Auslandsgeschäft hofft auf Impulse
Parallel zur Außenhandelsstatistik bestätigen auch die exportorientierten Industrie- und Dienstleistungsunternehmen wenig neue Impulse durch das Auslandsgeschäft, mit positivem Ausreißer bei der Nachfrage aus Nordamerika. Die Umsatzsteigerungen im Export beruhen überwiegend auf Inflationseffekten. Für die kommenden Monate setzen die Unternehmen vor allem auf zusätzliche Kunden und Aufträge aus Nord-, Mittel- und Südamerika sowie aus dem Asien-Pazifik-Raum (ohne China). Aufgrund neuer geopolitischer Entwicklungen wie z. B. dem Nahost-Krieg und anhaltender Unsicherheiten in China und Osteuropa bleibt für 28 Prozent aller Industrieunternehmen die Auslandsnachfrage ein Risikofaktor.

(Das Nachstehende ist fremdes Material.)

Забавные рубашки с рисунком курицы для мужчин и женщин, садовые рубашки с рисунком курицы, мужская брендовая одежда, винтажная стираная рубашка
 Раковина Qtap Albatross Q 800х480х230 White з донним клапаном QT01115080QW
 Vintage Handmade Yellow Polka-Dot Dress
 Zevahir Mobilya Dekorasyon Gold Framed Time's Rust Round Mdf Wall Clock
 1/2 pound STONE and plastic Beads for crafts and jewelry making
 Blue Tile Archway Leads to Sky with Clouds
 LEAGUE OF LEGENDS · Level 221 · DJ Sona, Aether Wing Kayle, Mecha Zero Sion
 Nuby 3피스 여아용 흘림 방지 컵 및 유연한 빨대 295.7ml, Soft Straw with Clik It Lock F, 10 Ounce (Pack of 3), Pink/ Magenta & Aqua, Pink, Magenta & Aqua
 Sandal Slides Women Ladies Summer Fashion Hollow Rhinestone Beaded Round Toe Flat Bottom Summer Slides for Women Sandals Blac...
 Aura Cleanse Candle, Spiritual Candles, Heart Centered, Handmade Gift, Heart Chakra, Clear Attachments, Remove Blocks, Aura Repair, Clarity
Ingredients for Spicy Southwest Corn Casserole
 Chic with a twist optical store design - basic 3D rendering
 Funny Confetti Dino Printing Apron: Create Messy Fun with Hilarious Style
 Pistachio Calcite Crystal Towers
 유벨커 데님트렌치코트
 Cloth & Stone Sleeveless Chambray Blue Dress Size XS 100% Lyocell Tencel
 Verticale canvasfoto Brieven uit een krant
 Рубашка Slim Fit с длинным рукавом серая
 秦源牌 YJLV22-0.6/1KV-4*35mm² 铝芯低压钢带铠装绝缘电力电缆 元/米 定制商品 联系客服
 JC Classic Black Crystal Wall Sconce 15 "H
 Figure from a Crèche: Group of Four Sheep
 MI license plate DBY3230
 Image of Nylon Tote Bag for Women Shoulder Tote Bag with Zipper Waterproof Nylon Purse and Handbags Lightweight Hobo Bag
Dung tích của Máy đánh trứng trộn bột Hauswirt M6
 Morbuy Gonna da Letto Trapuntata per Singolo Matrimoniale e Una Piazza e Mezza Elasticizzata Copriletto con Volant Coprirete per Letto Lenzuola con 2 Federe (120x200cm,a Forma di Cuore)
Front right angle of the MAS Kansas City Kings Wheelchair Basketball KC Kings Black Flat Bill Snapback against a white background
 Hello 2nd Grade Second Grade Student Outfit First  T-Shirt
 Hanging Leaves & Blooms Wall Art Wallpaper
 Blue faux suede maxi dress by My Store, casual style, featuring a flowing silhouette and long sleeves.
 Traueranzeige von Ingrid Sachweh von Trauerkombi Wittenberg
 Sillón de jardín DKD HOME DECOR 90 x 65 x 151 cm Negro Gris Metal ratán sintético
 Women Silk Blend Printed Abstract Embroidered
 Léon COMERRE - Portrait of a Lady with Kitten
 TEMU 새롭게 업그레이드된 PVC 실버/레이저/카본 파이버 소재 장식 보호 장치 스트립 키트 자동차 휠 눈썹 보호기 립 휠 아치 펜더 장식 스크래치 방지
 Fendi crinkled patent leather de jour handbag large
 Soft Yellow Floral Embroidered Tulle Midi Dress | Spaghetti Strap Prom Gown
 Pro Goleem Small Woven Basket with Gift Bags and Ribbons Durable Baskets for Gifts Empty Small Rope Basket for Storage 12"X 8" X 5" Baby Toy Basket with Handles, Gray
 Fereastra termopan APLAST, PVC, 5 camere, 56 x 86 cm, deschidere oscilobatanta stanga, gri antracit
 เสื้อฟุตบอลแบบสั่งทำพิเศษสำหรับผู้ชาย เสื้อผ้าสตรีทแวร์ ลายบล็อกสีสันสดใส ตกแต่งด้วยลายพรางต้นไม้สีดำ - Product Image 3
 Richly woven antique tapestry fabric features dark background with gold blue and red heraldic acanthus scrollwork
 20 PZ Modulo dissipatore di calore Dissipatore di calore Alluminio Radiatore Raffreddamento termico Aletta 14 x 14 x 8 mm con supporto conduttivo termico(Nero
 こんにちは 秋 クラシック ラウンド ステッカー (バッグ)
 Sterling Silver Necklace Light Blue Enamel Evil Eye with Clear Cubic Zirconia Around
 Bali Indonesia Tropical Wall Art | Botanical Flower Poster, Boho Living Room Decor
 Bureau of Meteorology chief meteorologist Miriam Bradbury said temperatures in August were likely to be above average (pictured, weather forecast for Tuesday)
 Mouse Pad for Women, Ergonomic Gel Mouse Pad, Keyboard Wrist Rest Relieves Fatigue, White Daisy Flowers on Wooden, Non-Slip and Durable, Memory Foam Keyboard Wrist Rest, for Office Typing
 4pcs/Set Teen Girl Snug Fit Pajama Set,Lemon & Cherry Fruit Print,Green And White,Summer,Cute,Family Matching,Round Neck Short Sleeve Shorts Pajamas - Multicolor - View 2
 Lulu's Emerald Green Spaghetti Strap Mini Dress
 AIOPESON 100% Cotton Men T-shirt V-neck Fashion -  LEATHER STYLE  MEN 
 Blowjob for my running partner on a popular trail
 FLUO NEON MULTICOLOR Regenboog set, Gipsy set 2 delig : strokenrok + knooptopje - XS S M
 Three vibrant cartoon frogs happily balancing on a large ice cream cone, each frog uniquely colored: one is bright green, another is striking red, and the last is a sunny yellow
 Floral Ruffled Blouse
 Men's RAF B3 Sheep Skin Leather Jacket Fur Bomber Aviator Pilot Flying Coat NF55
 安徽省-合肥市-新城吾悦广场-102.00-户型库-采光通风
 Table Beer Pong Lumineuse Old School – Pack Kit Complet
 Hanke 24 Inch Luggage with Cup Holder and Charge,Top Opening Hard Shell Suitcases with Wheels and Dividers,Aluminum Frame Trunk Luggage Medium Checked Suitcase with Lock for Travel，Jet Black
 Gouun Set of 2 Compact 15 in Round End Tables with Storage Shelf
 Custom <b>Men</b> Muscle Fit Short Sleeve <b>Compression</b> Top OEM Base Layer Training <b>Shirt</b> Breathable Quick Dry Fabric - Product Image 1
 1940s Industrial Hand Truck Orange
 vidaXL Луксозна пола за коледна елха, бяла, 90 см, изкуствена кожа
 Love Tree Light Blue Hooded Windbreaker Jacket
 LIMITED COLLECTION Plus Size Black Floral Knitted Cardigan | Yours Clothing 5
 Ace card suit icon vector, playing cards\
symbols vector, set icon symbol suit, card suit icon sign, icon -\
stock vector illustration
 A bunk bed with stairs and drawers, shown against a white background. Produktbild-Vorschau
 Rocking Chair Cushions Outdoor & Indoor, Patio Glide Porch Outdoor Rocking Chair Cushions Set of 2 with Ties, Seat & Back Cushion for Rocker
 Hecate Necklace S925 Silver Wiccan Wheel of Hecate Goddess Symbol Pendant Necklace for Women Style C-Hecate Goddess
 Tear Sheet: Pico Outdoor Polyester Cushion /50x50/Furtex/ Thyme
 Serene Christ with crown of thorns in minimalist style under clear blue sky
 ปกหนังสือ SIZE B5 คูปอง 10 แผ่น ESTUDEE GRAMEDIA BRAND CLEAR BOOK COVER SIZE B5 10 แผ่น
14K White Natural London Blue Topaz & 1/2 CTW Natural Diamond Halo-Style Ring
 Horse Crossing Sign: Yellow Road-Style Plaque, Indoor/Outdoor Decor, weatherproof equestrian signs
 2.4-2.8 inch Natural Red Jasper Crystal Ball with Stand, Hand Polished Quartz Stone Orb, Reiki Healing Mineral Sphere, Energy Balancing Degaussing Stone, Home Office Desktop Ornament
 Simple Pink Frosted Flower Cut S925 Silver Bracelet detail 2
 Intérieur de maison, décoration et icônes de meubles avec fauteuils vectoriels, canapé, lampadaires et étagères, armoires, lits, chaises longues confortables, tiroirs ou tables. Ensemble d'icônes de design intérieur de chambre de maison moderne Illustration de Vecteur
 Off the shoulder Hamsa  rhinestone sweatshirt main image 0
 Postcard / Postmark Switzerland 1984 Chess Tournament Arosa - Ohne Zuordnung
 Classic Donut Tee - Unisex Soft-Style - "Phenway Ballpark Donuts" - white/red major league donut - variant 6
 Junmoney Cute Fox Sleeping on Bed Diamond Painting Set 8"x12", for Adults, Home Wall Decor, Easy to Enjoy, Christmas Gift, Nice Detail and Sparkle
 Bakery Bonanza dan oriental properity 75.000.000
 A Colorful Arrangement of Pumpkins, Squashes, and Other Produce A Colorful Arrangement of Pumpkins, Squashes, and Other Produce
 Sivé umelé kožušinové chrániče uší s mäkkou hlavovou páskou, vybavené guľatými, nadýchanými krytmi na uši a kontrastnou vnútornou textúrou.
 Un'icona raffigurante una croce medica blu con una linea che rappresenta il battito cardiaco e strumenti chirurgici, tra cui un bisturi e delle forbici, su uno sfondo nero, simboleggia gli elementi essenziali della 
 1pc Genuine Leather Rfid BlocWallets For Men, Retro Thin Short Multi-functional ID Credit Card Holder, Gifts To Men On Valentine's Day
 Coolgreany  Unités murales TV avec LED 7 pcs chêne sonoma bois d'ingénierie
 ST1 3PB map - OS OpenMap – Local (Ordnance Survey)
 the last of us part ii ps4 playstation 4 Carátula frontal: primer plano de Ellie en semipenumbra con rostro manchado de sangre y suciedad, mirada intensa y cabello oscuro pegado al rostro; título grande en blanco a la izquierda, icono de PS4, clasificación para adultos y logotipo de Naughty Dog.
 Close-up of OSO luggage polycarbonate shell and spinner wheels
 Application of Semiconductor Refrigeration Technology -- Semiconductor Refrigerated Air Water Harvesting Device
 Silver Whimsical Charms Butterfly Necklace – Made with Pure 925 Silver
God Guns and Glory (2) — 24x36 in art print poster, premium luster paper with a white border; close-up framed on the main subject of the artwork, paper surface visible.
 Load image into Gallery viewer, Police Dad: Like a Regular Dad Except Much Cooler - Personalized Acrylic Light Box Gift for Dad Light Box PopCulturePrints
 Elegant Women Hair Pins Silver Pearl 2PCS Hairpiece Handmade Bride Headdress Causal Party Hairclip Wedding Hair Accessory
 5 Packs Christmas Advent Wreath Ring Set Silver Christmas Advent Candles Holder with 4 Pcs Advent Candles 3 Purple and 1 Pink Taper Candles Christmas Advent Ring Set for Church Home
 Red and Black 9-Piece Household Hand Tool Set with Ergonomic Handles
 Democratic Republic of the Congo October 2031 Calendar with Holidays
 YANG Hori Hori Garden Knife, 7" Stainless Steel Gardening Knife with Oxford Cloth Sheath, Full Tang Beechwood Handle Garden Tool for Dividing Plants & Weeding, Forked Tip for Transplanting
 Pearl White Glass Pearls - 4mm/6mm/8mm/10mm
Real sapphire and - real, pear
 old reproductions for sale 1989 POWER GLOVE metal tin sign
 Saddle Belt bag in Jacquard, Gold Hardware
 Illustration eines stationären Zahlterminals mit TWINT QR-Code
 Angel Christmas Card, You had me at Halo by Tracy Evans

Investitionsklima hierzulande leidet
Das Investitionsklima leidet aufgrund vielfältiger Unsicherheitsfaktoren. „Immer weniger Unternehmen planen derzeit Investitionen in der Heimat,“ warnt IHK-Hauptgeschäftsführer Dr. Jürgen Helmes. Gleichzeitig investieren Ostbayerns Unternehmen mehr und mehr in ihre Auslandsstandorte. Von den 50 Prozent der Befragten mit Auslandsbudget geben 16 Prozent an, dass damit eine Teilverlagerung von Prozessen ins Ausland verbunden sei. Immerhin wollen noch zwölf Prozent ihre Inlandskapazitäten erhöhen. Für 2024 geplante Projekte siedeln sie schwerpunktmäßig in den Bereichen Ersatzbedarf sowie Energie- und Umweltschutzmaßnahmen an.
Ausblick
Die Beschäftigungsabsichten sind erstmals seit 2021 leicht im negativen Bereich. Mehr als ein Viertel der Betriebe in Industrie und Handel planen mit weniger Beschäftigten, was angesichts der pessimistischen Geschäftserwartungen jedoch noch vergleichbar stabil sei. Als Reaktion auf den Arbeitskräftemangel stehen Maßnahmen zur Standardisierung und Digitalisierung im Fokus der Betriebe.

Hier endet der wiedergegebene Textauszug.